Unfortunately, we did have an occasion where we needed it and we were sure glad we had it. Our son, who was not going with us, got sick the day we were leaving on a two-week European trip that included a 7-night river cruise. We had to cancel our trip because he had to have his gall bladder removed. The insurance reimbursed us for all of our out-of-pocket expenses.
But the one thing that no one talks about is the difference between travel protection versus travel insurance.
What's the difference? It can be huge!
Do not buy travel protection - it's not the same as travel insurance. Don't assume that what you are buying from your agent is travel insurance. Make sure you read the policy before you buy it and find out if it will cover you in situations that might arise.
There was a story on our local news that I thought would help explain it:
It's about a couple who purchased travel protection through their travel agent with their Mediterranean cruise worth over $6800. The husband injured his knee playing golf and had to have surgery and they had to cancel their trip. Even though they had all the documentation from their doctor showing he had to have the surgery, this was considered 'elective surgery' by the travel protection company, they lost all their money.
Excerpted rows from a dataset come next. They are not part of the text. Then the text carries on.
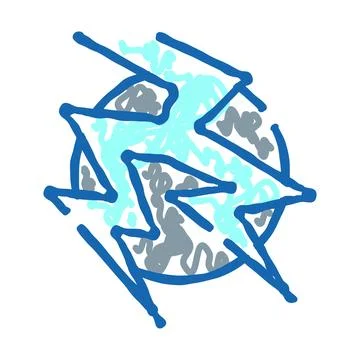 Abstract dynamic energy sphere with lightning doodle design Stock Illustration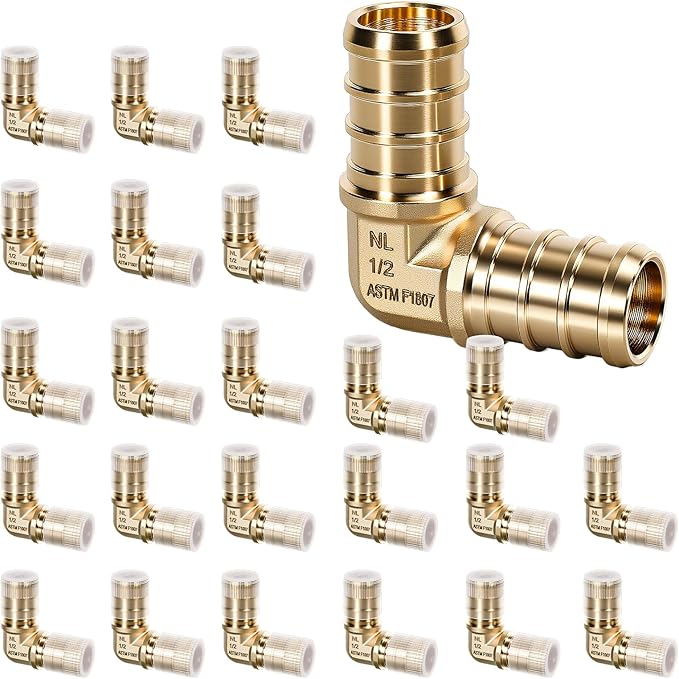 PEX Fittings 1/2 Inch, 24PCS Elbow Lead-Free Brass Connectors for PEX B Pipe, NSF UPC Certified, ASTM F1807, Compatible with Crimp/Clamp Rings (Hot/Cold Water, Hydronic Heating)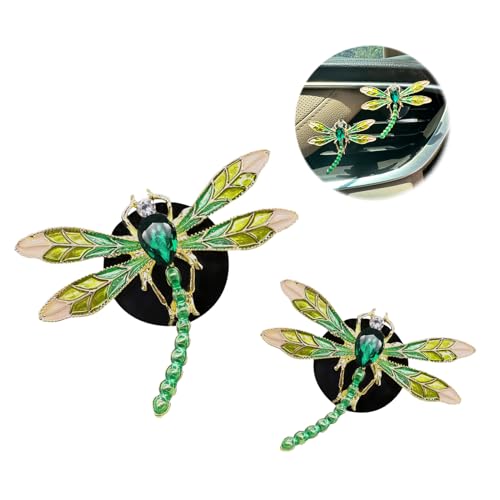 ORIESSE Dragonfly Car Decor2pcs Bling Dragonfly Air Freshener Vent ClipsCute Car AccessoriesRefillable Car Diffuser Glamorous Green Decor - Image 1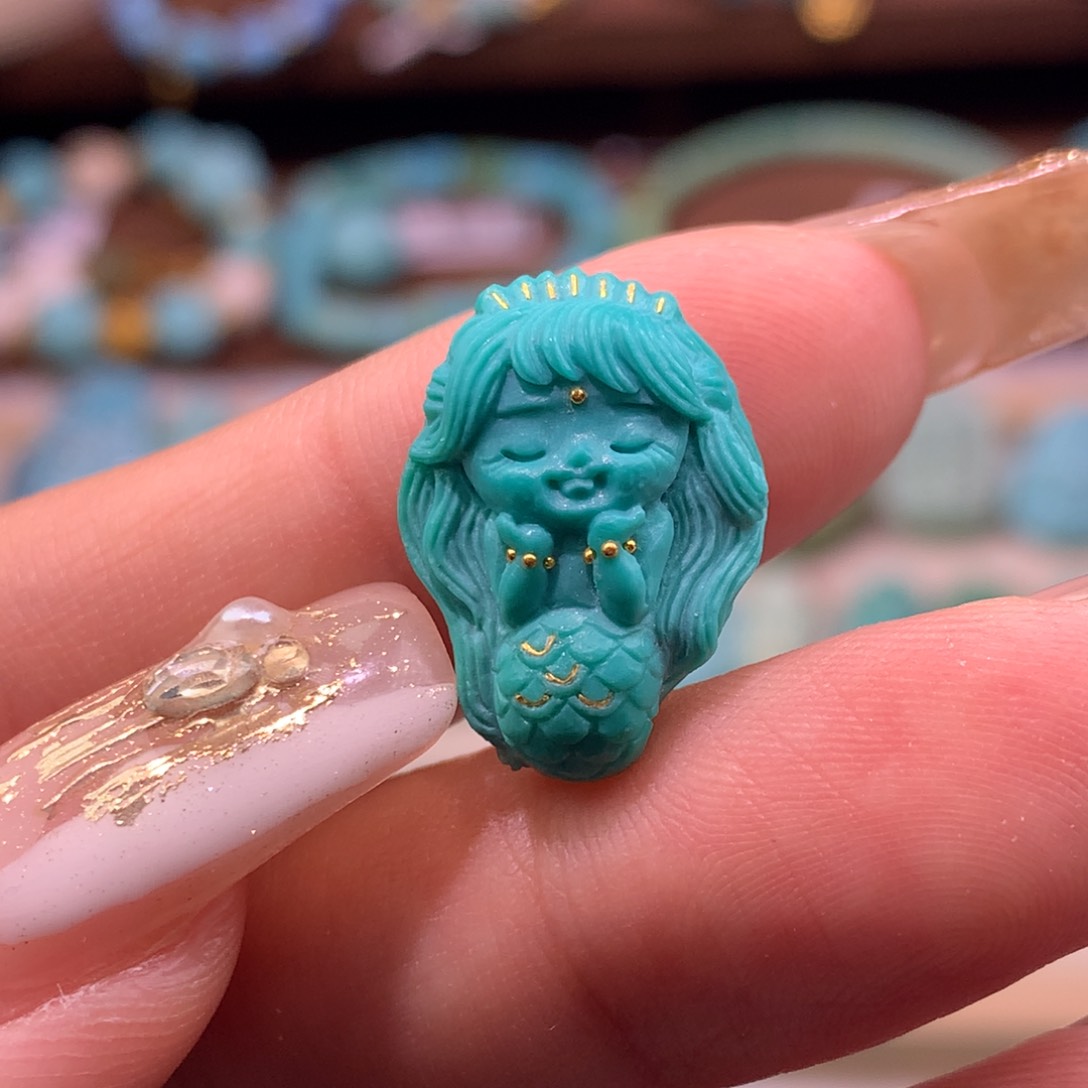 绿松石珠宝奇石未镶嵌美人鱼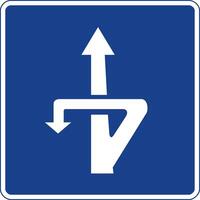 Square traffic signal in blue and white, isolated on white background. U-turn at different level vector
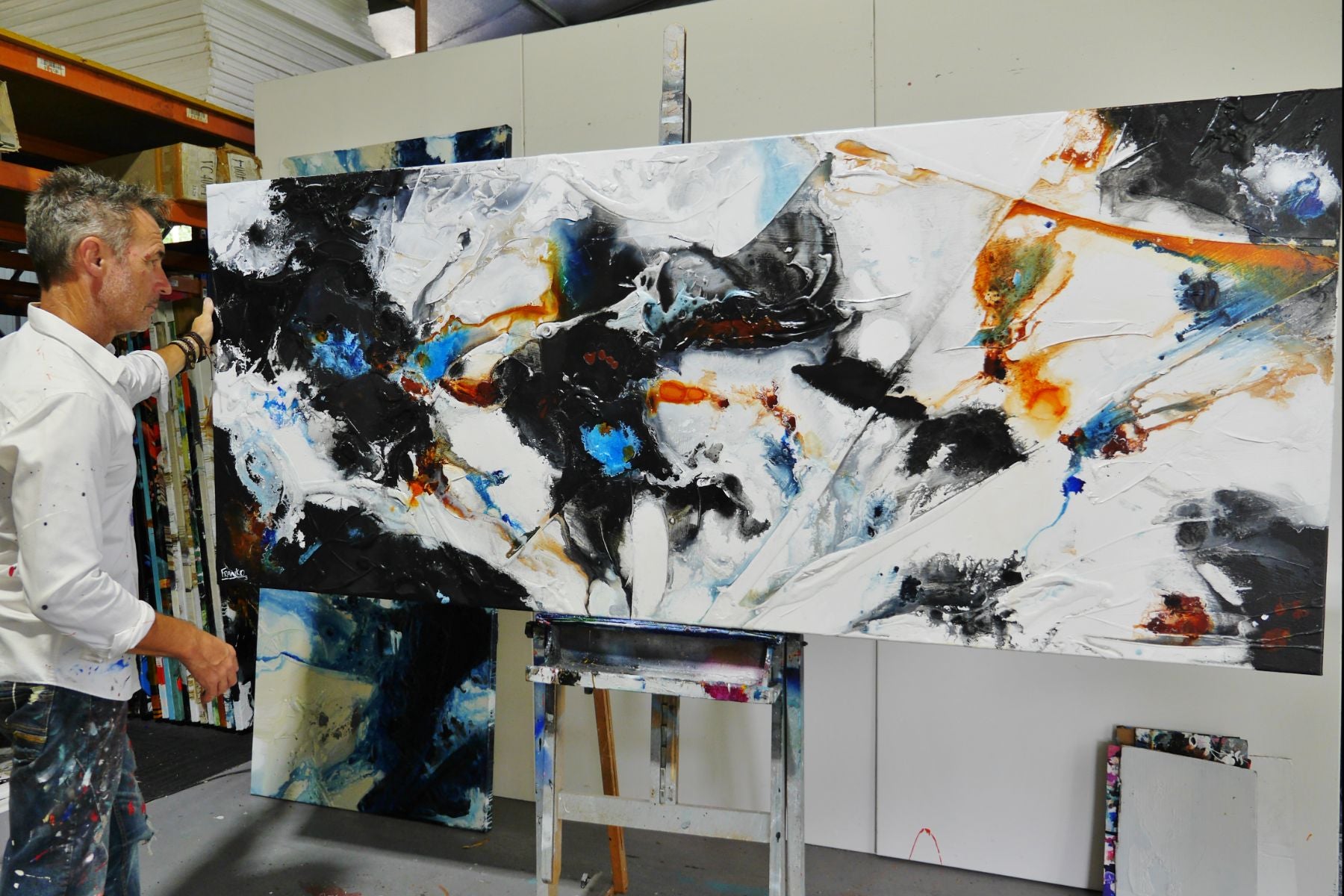 Evoque 240cm x 100cm White Rust Black Cobalt Textured Abstract Painting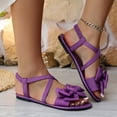 thumbnail image 4 of Women's Bow Flat Sandals Open Toe Crisscross Strappy Elastic Slingback Fashion Comfortable Non Slip Summer Casual Beach Vacation Shoes, 36, 4 of 4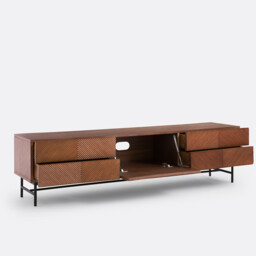 Jerem 180cm Textured Front Walnut Stained TV Unit - thumbnail 4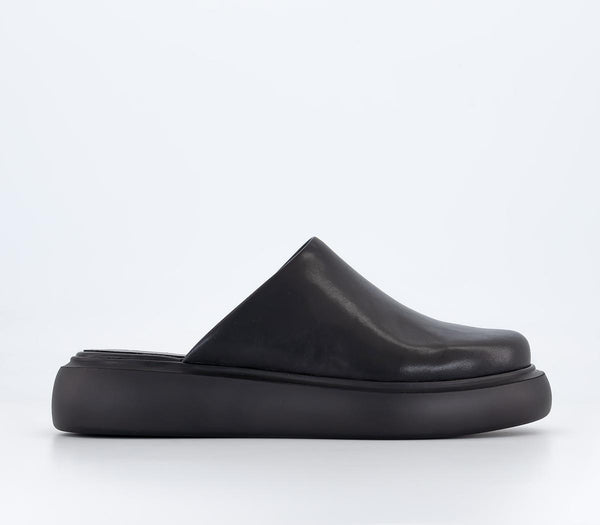 Vagabond bonnie black hot sale leather platform slides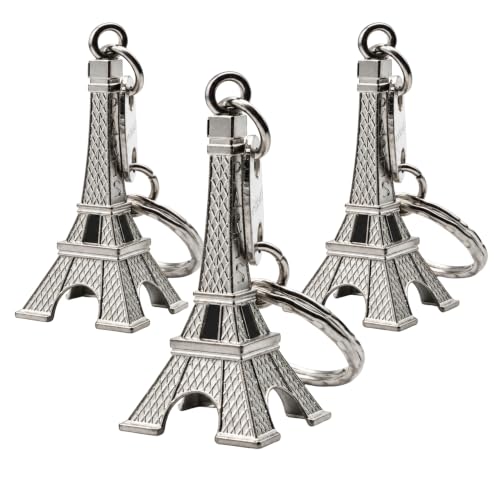 Llavero Torre Eiffel metálico, Miniatura de la Torre Eiffel, 3 Unidades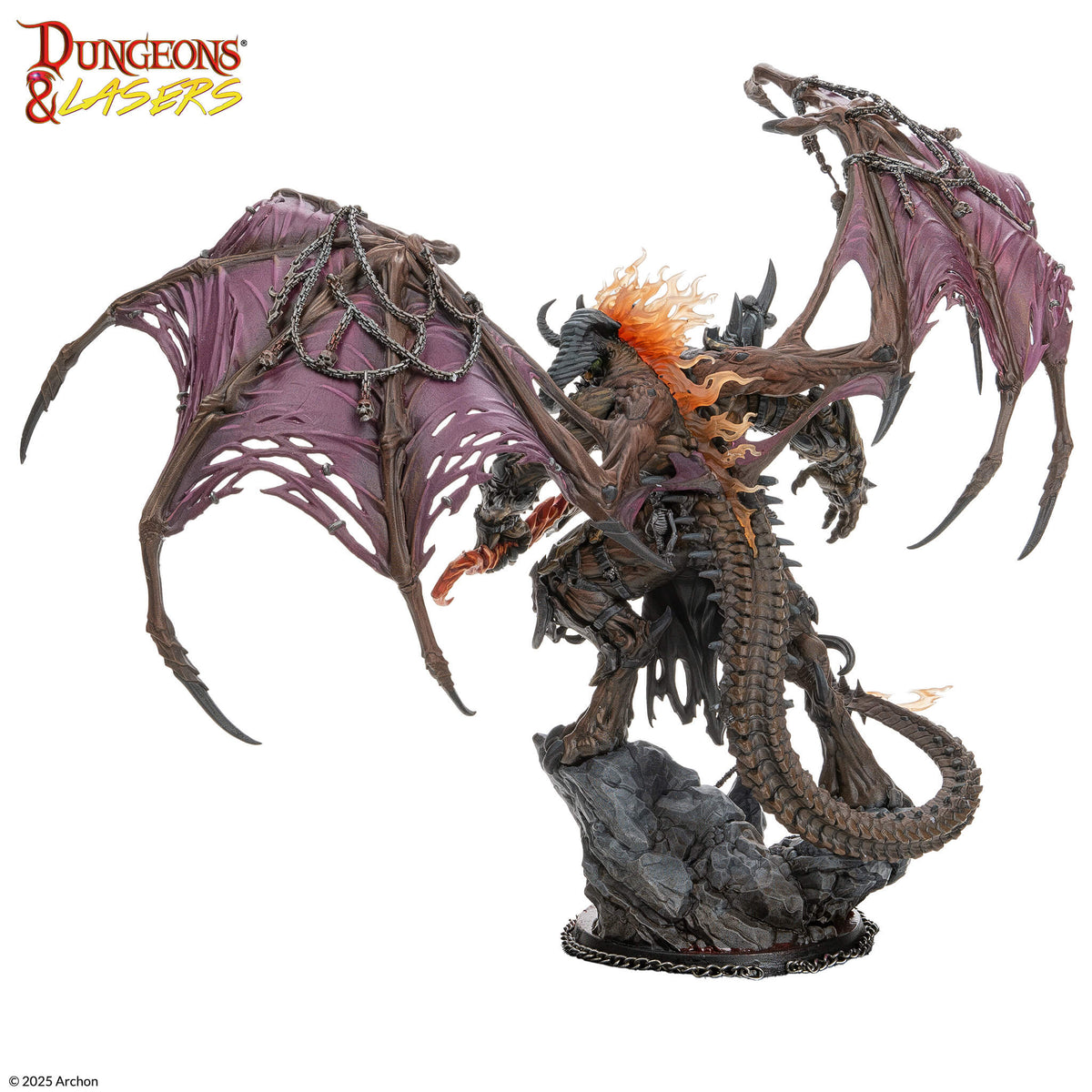Detailed miniature of a horned, winged demon with tattered purple wings, chains, fiery mane, and a scaly tail, on a rock base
And because this was not sold or advertised as travel 'insurance', there was nothing the State insurance commission could do about it.
Here's another story that you'll find interesting; http://www.nytimes.com/2009/06/28/yo..._r=2&emc=eta1&
Bottom line, always buy travel insurance not travel protection, but ask questions, read the policy, and make sure you know exactly what you are getting. And don't assume a big name means best policy - it ain't true! Some of the biggest problems we've had with companies have been some of the biggest names in the business.
Some travel agents will give an onboard credit for booking with them, myself being one of them.
Other than that, prices should be the same base rate across the board.